Wednesday, 4 April 2012

Li Tianbing at the Stephen Friedman Gallery




China’s recent history has provided fertile ground for artists, particularly those addressing a western audience. Li Tianbing’s new series of paintings focus particularly on autobiographical family history. Having grown up in China during the 1970s, the artist won a scholarship to study in Paris where he now continues to work. Taking rare photographic images as a child captured by his father on a borrowed camera, Li inserts these fragments of a wider national story into large photo-realist paintings that use his young image as a means of connecting the past to contemporary life . The photographs are reproduced as a direct quotation in black and white, softly overlaying more generic scenes of life in China, which produces a cinematographic effect of montage and fades. Amongst, the finely finished photographic surface, paint is sometimes applied in textured blobs or allowed to run down the surface as a contradiction to the appearance of mechanical reproduction.
‘Don’t Touch My Dog’ depicts the young Li holding an imaginary dog surrounded by invented friends.

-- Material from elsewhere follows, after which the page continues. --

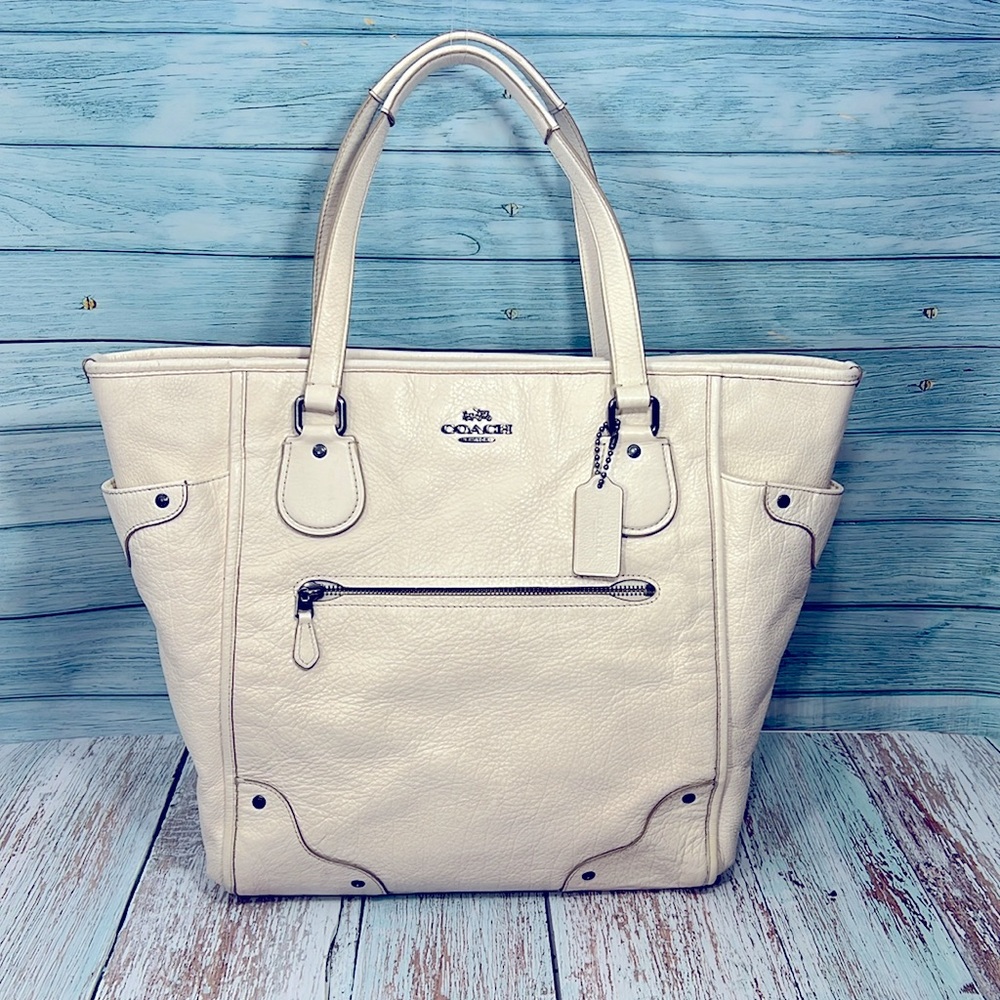 🌺 COACH MICKIE OFF WHITE CREAM PEBBLED LEATHER DOUBLE HANDLE ZIPPER TOTE BAG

Communist Party street flyers  are attached to a wire fence through which the children emerge. For Li, childhood is remembered as an experience of individual isolation and deprivation as a consequence of China’s introduction of a compulsory ‘one child’ policy. ‘Bullet Holes’ establishes a foregrounded, transparent screen damaged by fired guns through which we see two crouching infants looking back towards the viewer. An indeterminate air of menace shapes the narrative here. Many of these recent paintings also suggest repressed emotional trauma.
In some works, Li places his childish alter-ego amongst western artistic activity. In ‘Return With Fruitful Results’ the infant Li appears to returning from a shopping trip carrying a long blackboard decorated with chalk motifs by Michel Basquiat and holding a plastic bag archly branded with Warhol’s appropriated ‘Brillo’ logo. This child anticipates his adult engagement in a wider cultural conversation, aligning his formative, Chinese origins with a more universal adult aspiration. This picture illustrates Li’s use of hybrid sources arising out of lived observation, fantasy, education and travel. While such eclectic references present inevitable problems of interpretation and complex hybridity, these paintings are tempered by unique memory and experience.